The policy brief lists the central barriers to the implementation of environmental measures that are common across the project regions: "insufficient remuneration for measures", "excessive bureaucracy" and "lack of flexibility of measures and a perceived high risk of sanctions". In addition, the options favored by farmers for the future development of the Common Agricultural Policy (CAP) are named: the approach of a public goods premium and an advice-based systems. In contrast, collective models for the implementation of measures across farms met with little approval in the discussion rounds.

At her presentation of the information paper entitled Using the potential of EU agricultural funding, Dr. Sarah Velten suggested that better participation formats are needed and that the results of such processes should be taken seriously.
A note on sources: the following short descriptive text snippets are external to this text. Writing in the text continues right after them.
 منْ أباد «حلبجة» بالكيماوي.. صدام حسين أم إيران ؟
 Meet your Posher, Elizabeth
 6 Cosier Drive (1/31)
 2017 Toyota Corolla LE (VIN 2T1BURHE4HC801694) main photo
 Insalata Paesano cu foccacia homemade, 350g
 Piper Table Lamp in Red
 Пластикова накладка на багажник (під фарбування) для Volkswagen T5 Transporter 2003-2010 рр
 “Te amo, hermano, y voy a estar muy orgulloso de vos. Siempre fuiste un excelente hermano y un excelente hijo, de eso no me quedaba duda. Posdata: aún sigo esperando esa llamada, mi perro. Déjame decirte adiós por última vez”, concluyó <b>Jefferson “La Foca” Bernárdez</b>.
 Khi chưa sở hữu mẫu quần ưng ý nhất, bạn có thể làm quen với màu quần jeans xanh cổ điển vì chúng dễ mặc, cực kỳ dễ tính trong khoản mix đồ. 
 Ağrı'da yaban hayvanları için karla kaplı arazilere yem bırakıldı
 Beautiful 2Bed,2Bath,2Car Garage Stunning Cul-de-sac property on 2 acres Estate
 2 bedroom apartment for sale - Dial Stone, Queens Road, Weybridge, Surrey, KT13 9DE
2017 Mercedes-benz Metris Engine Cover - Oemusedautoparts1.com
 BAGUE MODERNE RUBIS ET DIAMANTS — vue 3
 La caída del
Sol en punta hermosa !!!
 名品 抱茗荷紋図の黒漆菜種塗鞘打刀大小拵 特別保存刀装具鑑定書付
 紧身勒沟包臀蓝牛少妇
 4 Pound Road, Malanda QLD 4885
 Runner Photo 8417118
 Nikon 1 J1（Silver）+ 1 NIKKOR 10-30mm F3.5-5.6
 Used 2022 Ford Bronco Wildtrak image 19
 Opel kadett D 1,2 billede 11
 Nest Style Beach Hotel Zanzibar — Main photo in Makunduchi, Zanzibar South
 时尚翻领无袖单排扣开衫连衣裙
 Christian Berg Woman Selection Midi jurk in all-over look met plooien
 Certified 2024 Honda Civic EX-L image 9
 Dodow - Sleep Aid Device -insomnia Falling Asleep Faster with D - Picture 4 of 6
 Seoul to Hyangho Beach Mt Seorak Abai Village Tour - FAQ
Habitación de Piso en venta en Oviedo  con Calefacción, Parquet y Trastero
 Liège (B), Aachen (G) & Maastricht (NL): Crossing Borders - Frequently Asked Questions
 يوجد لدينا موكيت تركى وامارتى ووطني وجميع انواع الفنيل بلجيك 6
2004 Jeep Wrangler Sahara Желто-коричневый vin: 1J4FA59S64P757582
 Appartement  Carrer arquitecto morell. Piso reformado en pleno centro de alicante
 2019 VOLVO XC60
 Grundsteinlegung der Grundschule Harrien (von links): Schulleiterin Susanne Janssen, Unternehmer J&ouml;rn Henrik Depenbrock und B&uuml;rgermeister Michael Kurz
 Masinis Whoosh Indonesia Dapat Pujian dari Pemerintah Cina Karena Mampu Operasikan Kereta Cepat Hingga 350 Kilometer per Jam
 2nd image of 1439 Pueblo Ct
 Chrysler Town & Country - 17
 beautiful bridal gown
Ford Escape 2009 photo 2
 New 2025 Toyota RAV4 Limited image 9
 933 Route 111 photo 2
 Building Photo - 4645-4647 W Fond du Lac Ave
The removal of obstacles in administrative practice and access to information and advice must also be improved. In the policy recommendations, the project partners emphasized that the policy does not provide the right answers with the currently planned weakening of minimum requirements in the CAP. Instead, more attractive and income-generating rewards for environmental services are needed - for example through extended, better equipped and multi-year eco-schemes.

In his presentation CAP at the crossroads: Is ecologization being lost? Prof. Dr. Sebastian Lakner from the University of Rostock discussed the reform path of the CAP, assessed the environmental impact of agricultural payments and took a critical look at the current decisions to reduce the environmental requirements in conditionality. According to Prof. Lakner, the organic regulations could become a "game changer" and he also discussed fundamental options for improvement. These included: the expansion of "dark green agri-environmental measures", improved "planning at landscape level", the "common good premium", "result-oriented environmental measures" and the "nature conservation manager model".

The presentations were followed by a constructive discussion with the participants from politics and authorities - moderated by Lavinia Roveran from the Deutscher Naturschutzring. In the discussion, the practice partners from the Lake Constance Foundation and Wildtierland Hainich were once again able to describe their impressions and practical challenges from the exchange platforms. The scientists from the German Center for Integrative Biodiversity Research (iDiv) shared their perspectives on current CAP developments. In the morning atmosphere of the Parliamentary Breakfast, it was thus possible to make the voices of farmers from the discussion rounds heard and to convey key policy recommendations to members of the Bundestag and the Ministry of Agriculture.